### TO DO
Entries follow. Give back exactly the lines starting at the one containing "Denzel Моечная машина" and ending at the one containing "Gorąca wyprzedaż tani", and no other lines.

### ENTRIES PROVIDED
——
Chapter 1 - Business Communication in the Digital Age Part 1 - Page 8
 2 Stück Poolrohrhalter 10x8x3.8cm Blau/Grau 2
——
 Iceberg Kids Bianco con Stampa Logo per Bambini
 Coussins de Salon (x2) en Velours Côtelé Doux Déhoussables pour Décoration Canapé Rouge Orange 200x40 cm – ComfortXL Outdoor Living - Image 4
——
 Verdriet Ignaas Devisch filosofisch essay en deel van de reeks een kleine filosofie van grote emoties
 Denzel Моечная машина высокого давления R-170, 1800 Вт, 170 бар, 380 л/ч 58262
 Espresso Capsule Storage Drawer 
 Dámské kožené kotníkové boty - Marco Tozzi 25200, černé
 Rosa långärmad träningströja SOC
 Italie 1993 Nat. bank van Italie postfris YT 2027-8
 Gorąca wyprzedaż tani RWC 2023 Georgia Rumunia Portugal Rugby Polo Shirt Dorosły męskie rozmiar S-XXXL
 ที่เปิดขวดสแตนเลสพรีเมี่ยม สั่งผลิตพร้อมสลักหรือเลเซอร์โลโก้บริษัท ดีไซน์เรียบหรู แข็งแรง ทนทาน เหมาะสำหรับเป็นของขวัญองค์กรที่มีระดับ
——
### ANSWER SECTION
 Denzel Моечная машина высокого давления R-170, 1800 Вт, 170 бар, 380 л/ч 58262
 Espresso Capsule Storage Drawer 
 Dámské kožené kotníkové boty - Marco Tozzi 25200, černé
 Rosa långärmad träningströja SOC
 Italie 1993 Nat. bank van Italie postfris YT 2027-8
 Gorąca wyprzedaż tani RWC 2023 Georgia Rumunia Portugal Rugby Polo Shirt Dorosły męskie rozmiar S-XXXL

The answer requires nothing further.